# Looking for a map to display online to show the states to where I've shipped my shirts



## leapoffaith (Nov 8, 2009)

I've gotten to the point where I've sold and shipped my shirts to several different states. I don't know why I think that's so fun, but I do. 

I thought it might be fun to find some sort of a map where I could color (or something) the states to show where I've shipped. I'd like to display this on my website or facebook, or both. 

Does anyone know of such a thing? I've seen an app (long ago) on facebook where people color in what states or countries they have visited, but I can't find it now. 

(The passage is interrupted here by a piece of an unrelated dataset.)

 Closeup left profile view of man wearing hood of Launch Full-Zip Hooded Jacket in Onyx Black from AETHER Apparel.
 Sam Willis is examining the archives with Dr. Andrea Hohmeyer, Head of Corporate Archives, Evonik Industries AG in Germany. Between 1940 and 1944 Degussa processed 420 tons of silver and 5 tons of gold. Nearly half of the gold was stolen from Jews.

I'd like to find something (an app?), but it would have to be simple to download and use for me to be able to use it. 

Anyone know of anything like this? I thought it would be cool to color it in as I ship to different states.


----------



## allhamps (Mar 15, 2007)

You are right, that is a very nice idea. Amazingly, I found vectors of each state individually, but I have not yet found a vector of the United States, with all of the states outlined in it


----------



## Swisha (Mar 31, 2011)

That's a cool idea. Now you have me interested. I found this website. 

http://www.vecteezy.com/map-vector/5937-united-states-map-vector

If anyone else finds any better ones, please post


----------



## Swisha (Mar 31, 2011)

Also found this

http://kango.hubpages.com/hub/Top_5_Facebook_Travel_Application_Widget_Reviewed_by_Kango


----------



## leapoffaith (Nov 8, 2009)

Swisha, that last link doesn't work for me.


----------



## Swisha (Mar 31, 2011)

Try this one,

http://travel.usatoday.com/digitalt...ot-Facebook-apps-share-travel-tips/52756038/1

If that doesn't work, here's part of the article that list some of the apps 

"The apps include travel planning websites Gogobot and Wipolo, travel review site TripAdvisor, short-term rental site Airbnb and interactive map Where I've Been."


----------



## D3L0C4T3D (Jan 23, 2012)

Why not just use google maps where you canjust tag not only the state but the city or even tje company you did shirts for? On top of that you can include a pic of the ****t you printed

Sent from my SPH-D710 using T-Shirt Forums


----------